The proposed rule also prohibits benefit designs that discriminate against potential or current enrollees, includes standards and options for benefits not typically covered, such as habilitative services, and includes standards for prescription drug coverage.

The plans will be graded according to actuarial value and named after metals. For example, in a silver plan, which has a 70% actuarial value (the percentage of total average costs for covered benefits that a plan will cover), the enrollee would be responsible for 30% of costs, while in a platinum plan, which has a 90% actuarial value, the consumer would be responsible for 10%.

2. Market reform
The administration said this proposed rule will correct insurance practices today that deny many of 129 million people—or 1 in 2 non-elderly Americans with some form of pre-existing health condition—individual health insurance or exclude their coverage from certain benefits.

Starting in January 2014, the rule would implement five key provisions of the PPACA, Cohen said.

Insurers in the individual and small group markets "will have to sell policies to all consumers regardless of their health status or health history," would not be able to charge more to someone "just because she is sick, or because she used to be sick, or because she's a woman, or because of where she works," will not be able to cancel or refuse to renew coverage because of an enrollee's illness, can't charge enrollees different premiums, and will ensure that young adults and those who can't afford regular coverage would have access to a catastrophic plan in the individual market, Cohen said.

An important element in the proposed rule is the establishment of an age rating, or age bands, system, for people who are older than 20 and younger than 64. Each year (rather than every five years as had been suggested), the allowable health premium rate would be allowed to increase. The difference between the age band rate at 63 would be no more than three times the rate for people who are 21.

3. Wellness incentives
For group health coverage, the proposed rule, which was developed in collaboration with the Department of Labor, would raise the allowable amount of the incentives, and permit incentives of two types for employer-based plans. The first comes without regard to an individual's health status, such as reimbursement for membership in a qualified gym, credit for attending a health education seminar, or a reward for employees who complete a health assessment.

The second type would require individuals to meet certain goals before they could receive the reward.
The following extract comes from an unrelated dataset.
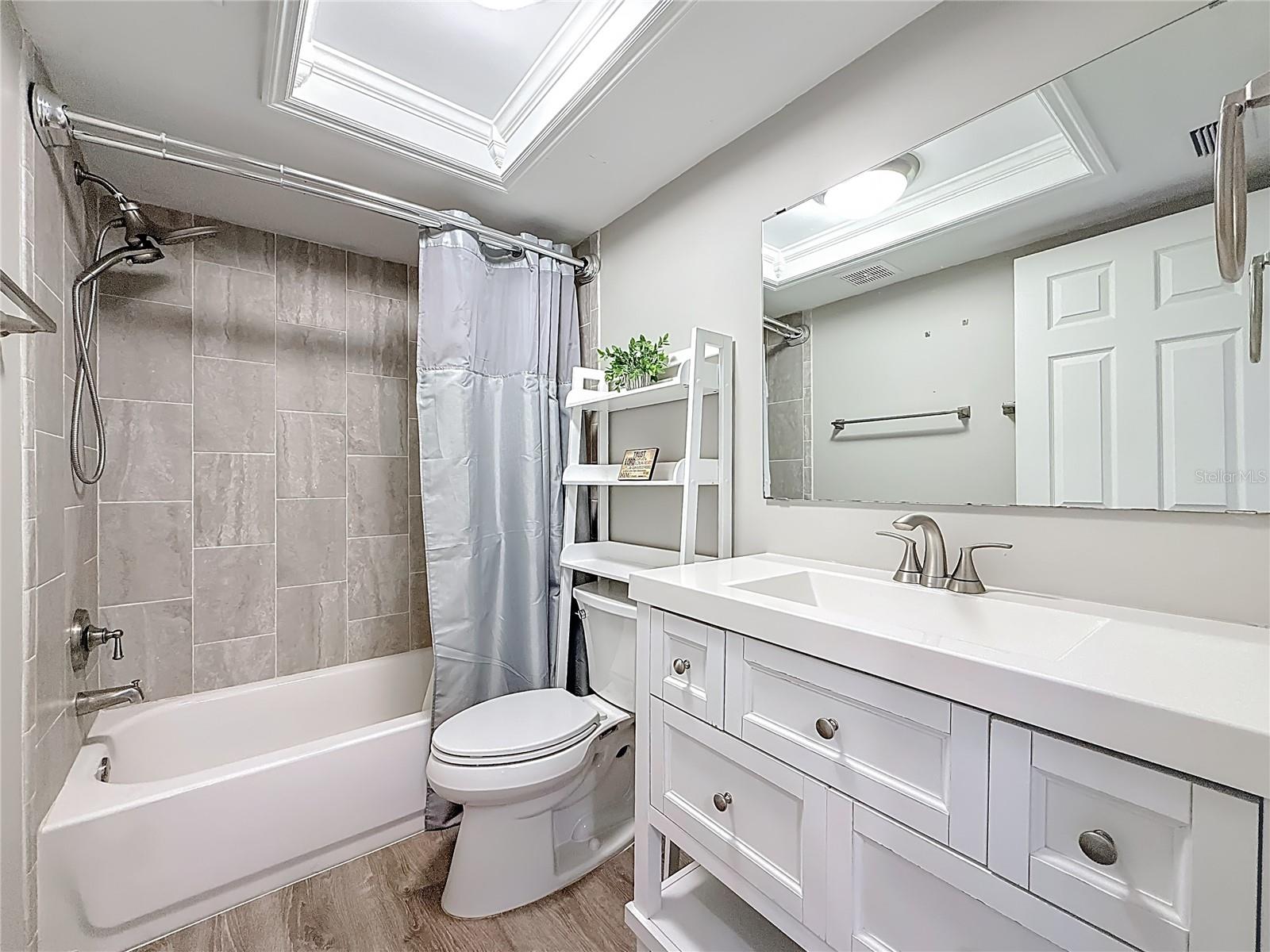 5575 GULF BLVD #225, ST PETE BEACH, FL, 33706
For example, people with high cholesterol or weight issues would receive a credit if they achieved reduction targets.

According to a press statement, the programs "must have a reasonable chance of improving health or preventing disease and not be overly burdensome for individuals." Alternatives to receive rewards would be made available for those "whose medical conditions make it unreasonably difficult, or for whom it is medically inadvisable, to meet the specified health-related standard."

Asked to respond to recent statements from governors of some states that are resisting the exchanges, such as Texas, Cohen emphasized that the federal government will step in if the state fails to act, because that's what the law mandates. It is to the state's benefit to run its own program, however, because the state will then have autonomy to decide how the costs of running the exchange would be distributed.
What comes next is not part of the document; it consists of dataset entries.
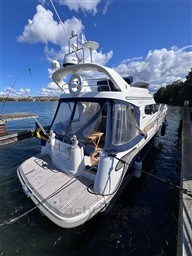 pfx6jit7q6.jpg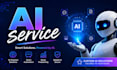 provide accurate ai prompt writing and optimization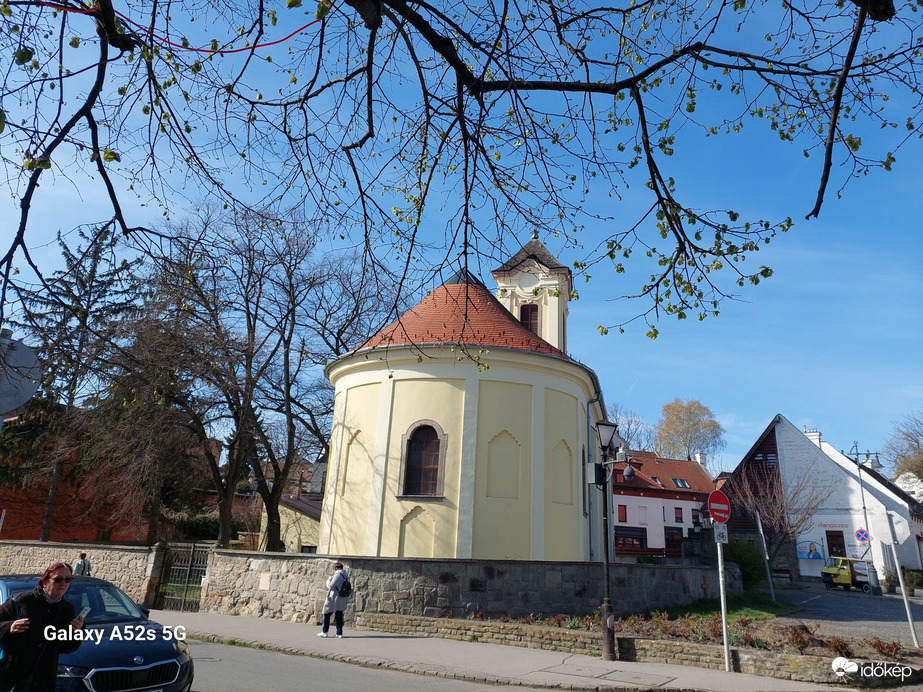 Szentendre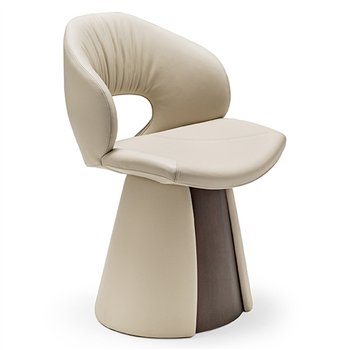 Silla Dafne Cattelan Italia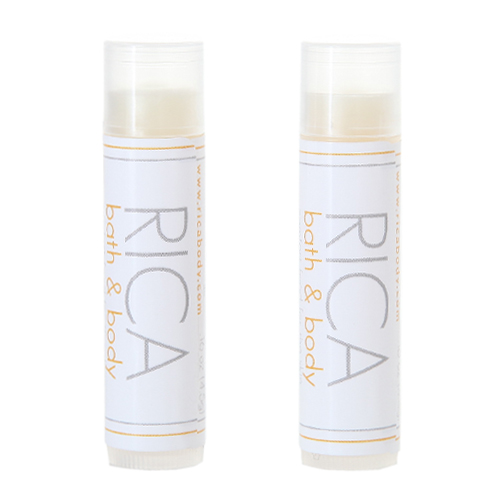 RICA bath and body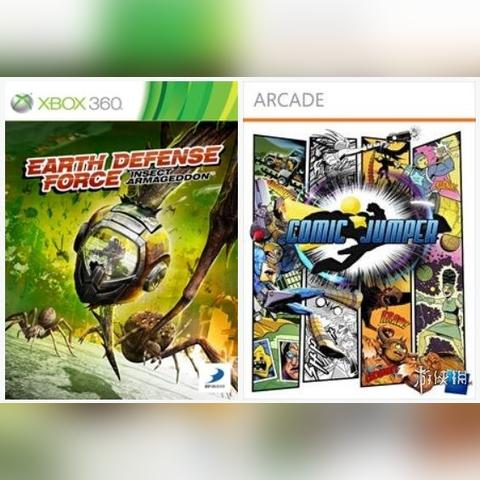 热血英豪巫师,如何成为战场主宰? 热血英豪巫师,如何成为战场主宰?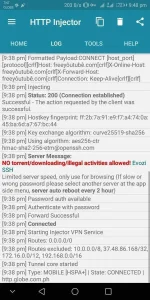 Screenshot_20190110-214810.webp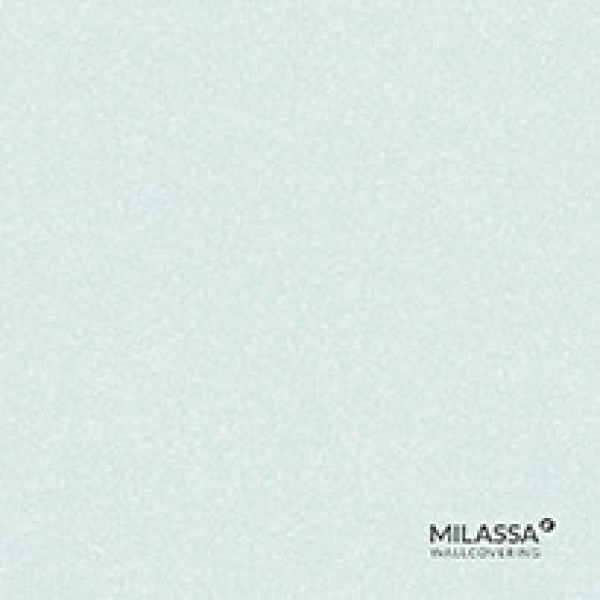 Обои Milassa 26021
"If the state is running the exchange, the state gets to decide how those costs will be assessed," Cohen said. "Should it be assessed only on companies that are selling products through the exchange, or assessed on the entire insurance market...that's totally up to the state...as opposed to having CMS [the Centers for Medicare & Medicaid Services] do it."

HHS requests that comments be posted on Regulations.gov within 30 days after these rules are published in the Federal Register over the next several days.